BHP Elevates 25-Year Veteran Brandon Craig to CEO Role Starting July 1

  • Brandon Craig, 53, will replace Mike Henry on July 1 after running BHP’s Americas unit since March 2024.
  • Investors pushed BHP shares 0.8% higher on the news, signalling confidence in continuity of Henry’s copper-heavy strategy.
  • Craig oversaw Vicuna copper-gold joint venture, Escondida optimisation and Canada’s $4.9B Jansen potash mine due in 2027.
  • Internal promotion beats out CFO Vandita Pant, Australia boss Geraldine Slattery and Chief Commercial Officer Rag Udd.

World’s largest miner bets that its home-grown ‘copper engineer’ can deliver the next wave of growth without a blockbuster deal.

BRANDON CRAIG—MELBOURNE—BHP Group on Wednesday ended months of succession speculation by naming Brandon Craig, the 53-year-old president of its Americas division, as chief executive officer effective July 1. The decision keeps leadership firmly inside the company that Craig joined in 1999 and signals to investors that the board wants uninterrupted momentum on copper and potash expansions rather than a strategic pivot.

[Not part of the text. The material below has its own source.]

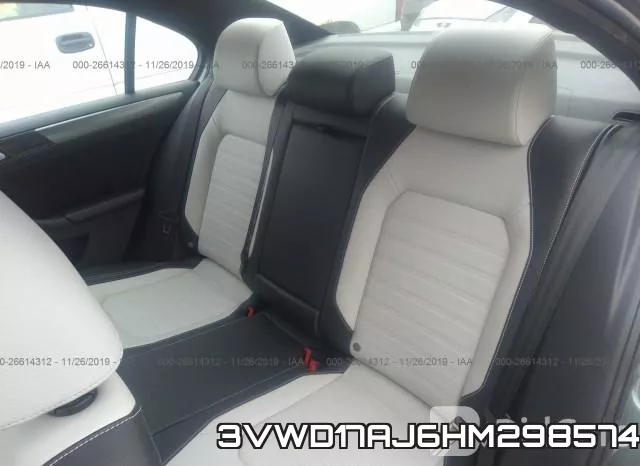 3VWD17AJ6HM298574 фото 9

Craig’s ascension comes at a pivotal moment for the 139-year-old mining giant. Global copper demand is projected to double this decade, driven by electric-vehicle wiring, grid upgrades and AI-ready data centres. BHP, already the world’s top copper producer, needs to convert a pipeline of early-stage prospects into producing mines—without overpaying after last year’s failed £34 billion pursuit of Anglo American.

“This next era is going to be about taking that endowment and actually bringing it to life,” Craig told reporters, alluding to Vicuna in the Andes, the Resolution Copper joint venture in Arizona and Canada’s Jansen potash shaft—projects he has helped shape from drill bit to board approval. Chair Ross McEwan praised the incoming CEO for possessing “the perfect match” of operational know-how and capital discipline to deliver “continued outperformance.”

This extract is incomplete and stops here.